Everything you need to know about Caching — System Design

Animesh Gaitonde

Published in

Level Up Coding

7 min readApr 6, 2020

Introduction, use cases, strategies, and policies to cache data

Introduction

Have you ever noticed if you are on a slow internet connection and browsing a website, the text is loaded before any high-quality image? However, in your subsequent visits to the same website, you will observe that page rendering occurs quickly. When you visit a brand new website, it takes more time to load than frequently visited sites like Facebook or Amazon. Do you know why this happens? The answer is Caching.

**Instagram page on a slow internet connection**

The above picture is how my Instagram page looks on a slow internet connection. As you can see, the text data is displayed whereas you can’t see the images as the page is still rendering.

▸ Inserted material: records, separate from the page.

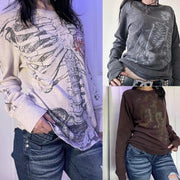 Casual Ribbed Long-Sleeve Crew-Neck Printed T-Shirt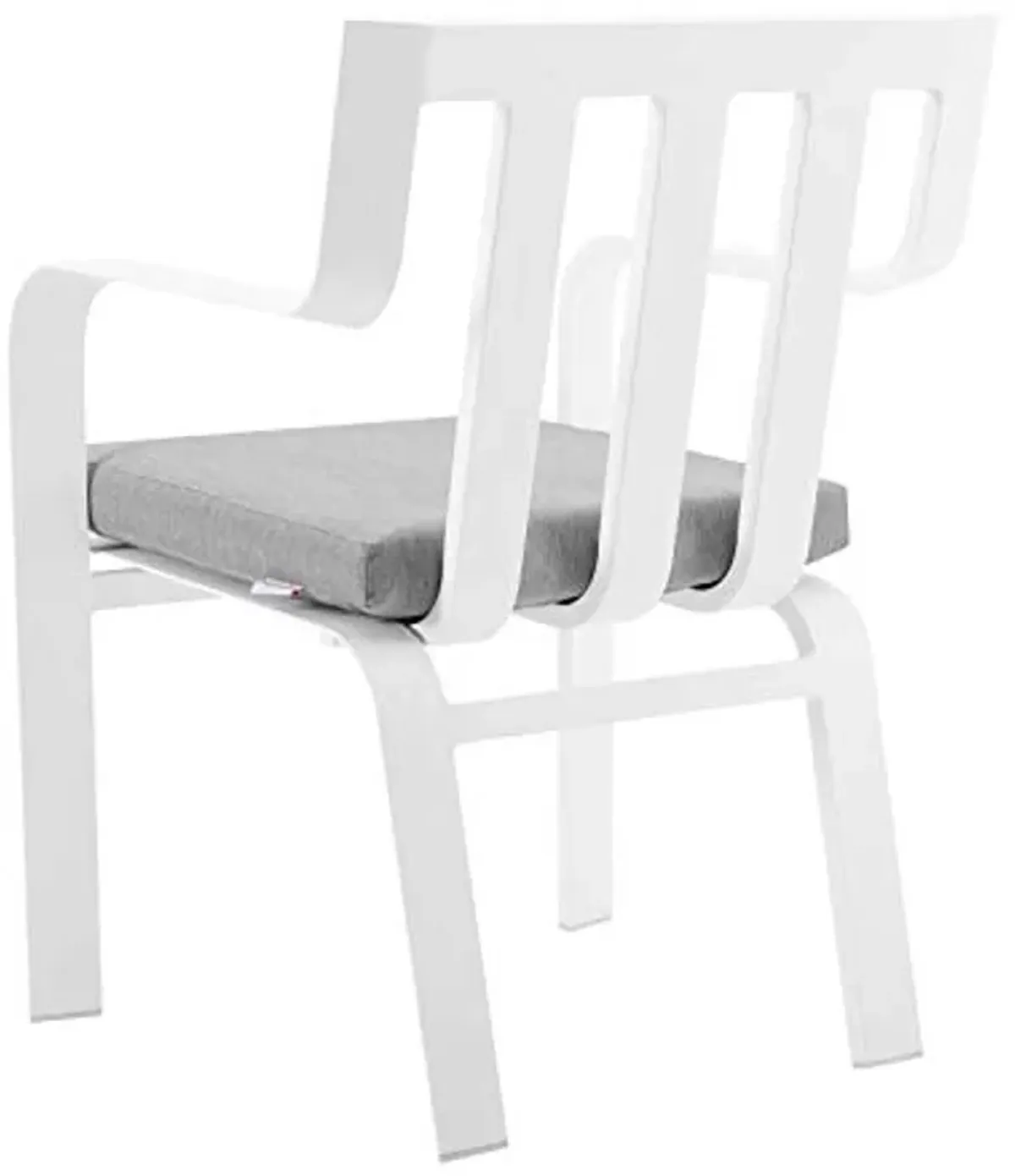 Modway Baxley 32" Modern Fabric Outdoor Patio Armchair in White/Gray (Set of 2)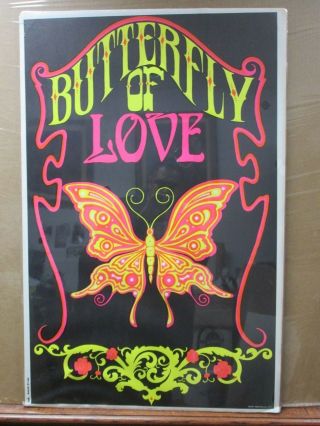 Butterfly Love Vintage Peace Black Light Poster 1970 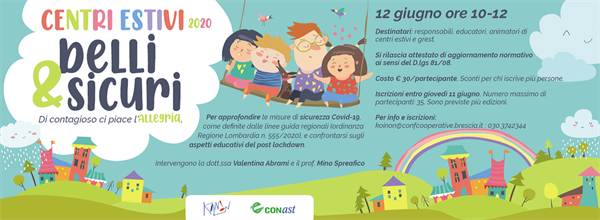 2a edizione Corso di formazione on line: "Centri Estivi 2020 Belli & Sicuri"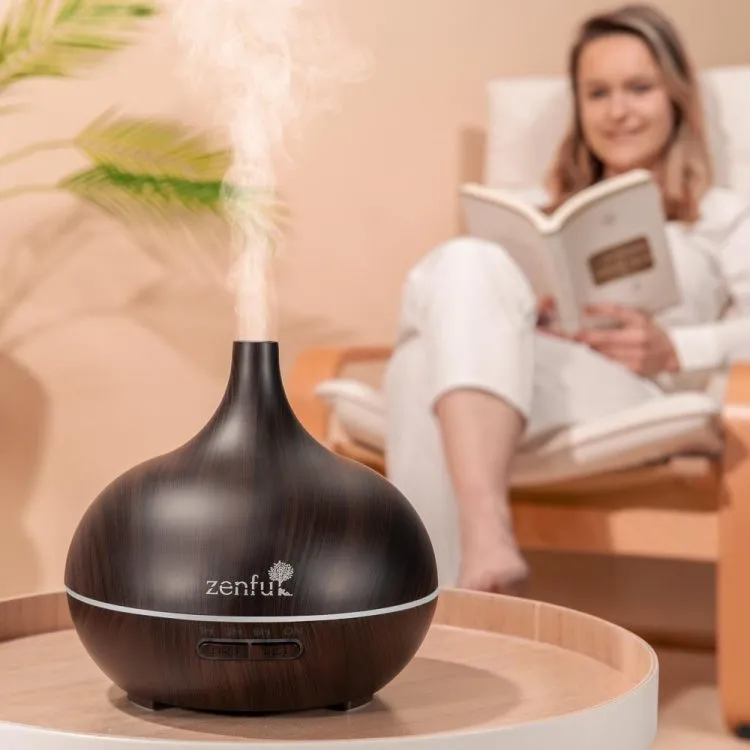Zenful aroma diffuser Dewdrop donker hout in interieur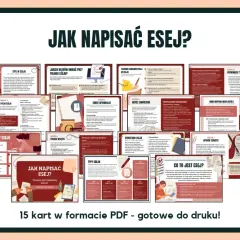 Jak napisać esej przykład: 15 kart PDF z poradami, jak stworzyć świetny esej. Znajdziesz tu wszystko: od wyboru tematu po zakończenie.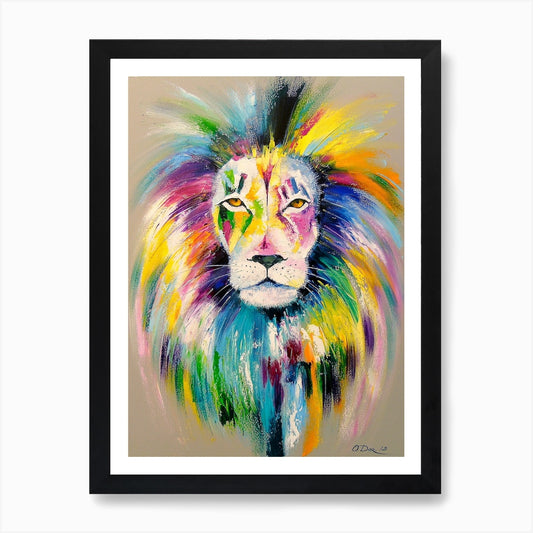 Rainbow lion Art Print Framed Wall Art Poster Canvas Print Picture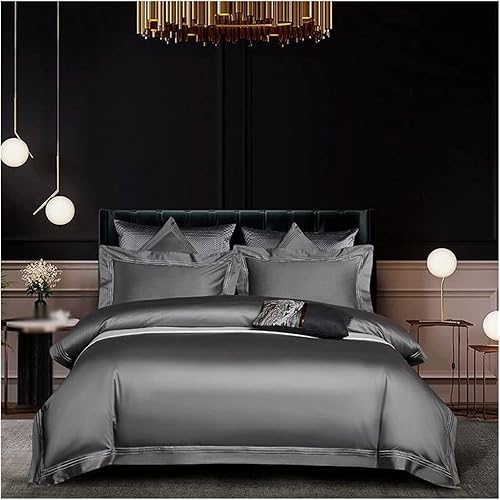 CZDYUF Cotton Bedding Set 4 Piece Double Queen Size Embroidered Duvet Cover Sheet Pillowcase Color E Size 14 18m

It’s important to deliver the best experience to the user to improve retention and engagement. In today’s competitive world, businesses get impacted due to poor user experience. Imagine you are watching your favourite TV Series on any video streaming website, but the video keeps buffering. Would you stick around and continue your subscription on such a website?

Caching works on the principle of ‘locality of reference’. The cache acts as a local store for the data to speed up the lookup or retrieval. The primary goal of a Cache is to reduce the read latency and amplify the throughput of any application. Let’s have a look at a real-world analogy in the next section.

Real-World Analogy of a Cache

Let’s say you cook dinner every day. You need different ingredients, vegetables, spices, etc for food preparation. But do you visit the super-market to purchase this every day? That would be way too cumbersome and time-consuming. So, you check your kitchen or refrigerator first in case you have piled up your grocery. That would avoid a tiresome visit to the supermarket.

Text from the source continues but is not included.